Photo Credit: waheedaharris

Nonprofit Info Smorgasbord

Do you have a huge number of blog and news feeds in your feedreader that you can’t possibly keep up with on a daily basis? Or, on the other end of the spectrum, have you resisted deciphering those three little letters, RSS, and continue to check your bookmarked links regularly to see if your favorite web pages have updated?

Now there is a new — and incredibly simple — solution. Guy Kawasaki, whom I used to read in Macworld Magazine when he was the original brand evangelist, recently started a new network of websites called Alltop.com. Based on the popurls model, the sites — each focusing on a specific topic — show the latest five posts from a wide range of news sources and blogs covering that topic, all on one page. Topics include celebrities, health, “green,” social media, small business and many others.

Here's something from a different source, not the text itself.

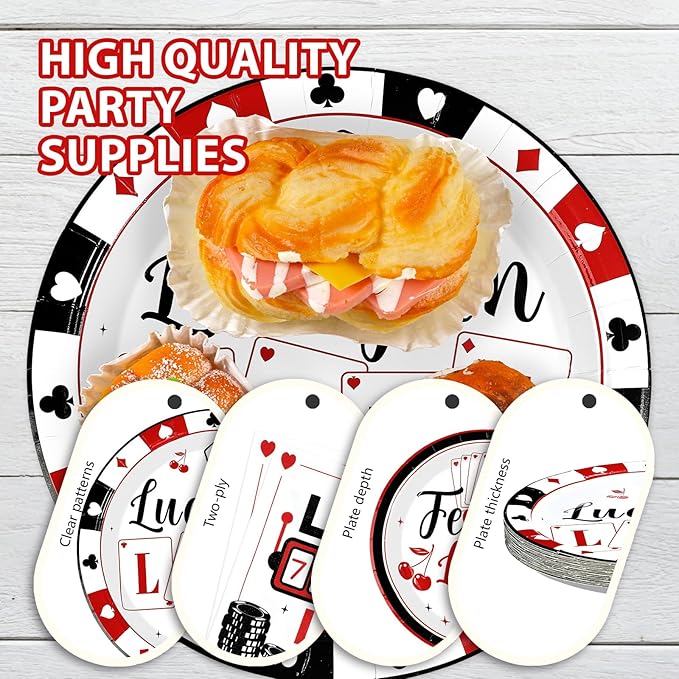 96 Pcs Casino Party Decorations Lucky In Love Plates and Napkins
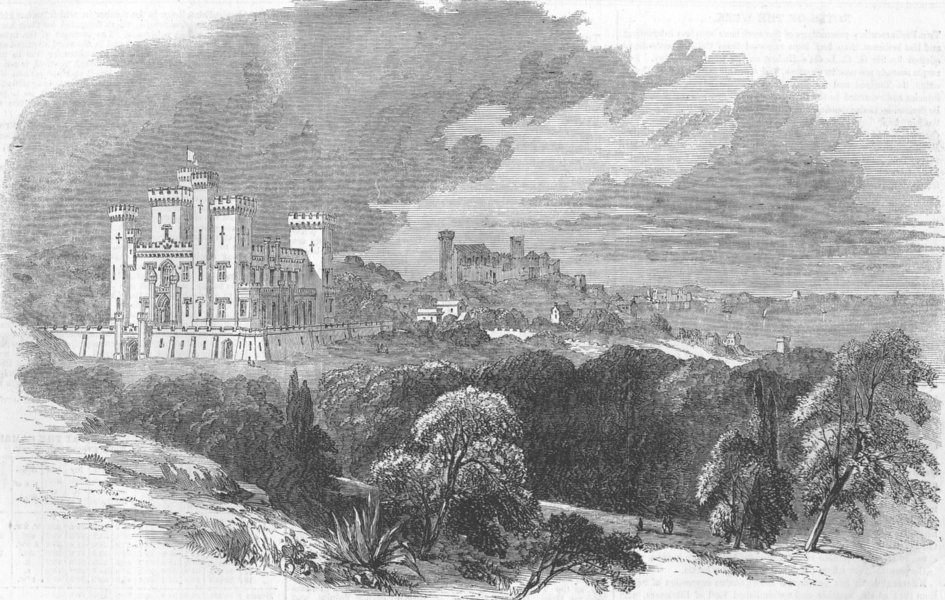 FRANCE. The Chateau Ste Ursule, Cannes, antique print, 1857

I suggested to Guy that he create a “nonprofit” topic and worked with him to identify news and blog feeds that should be included. And that’s how nonprofit.alltop.com was born.

Like a smorgasbord, you can eat as much or as little as you want. Scan the headlines to see what looks good. Hover the mouse over a headline to get a taste of the full text. Or click on an item that looks especially yummy and go to the original site to eat the whole thing. Maybe you’ll even discover some new sites you didn’t know about before.

Photo Credit: WhatCouldPossiblyGoWrong?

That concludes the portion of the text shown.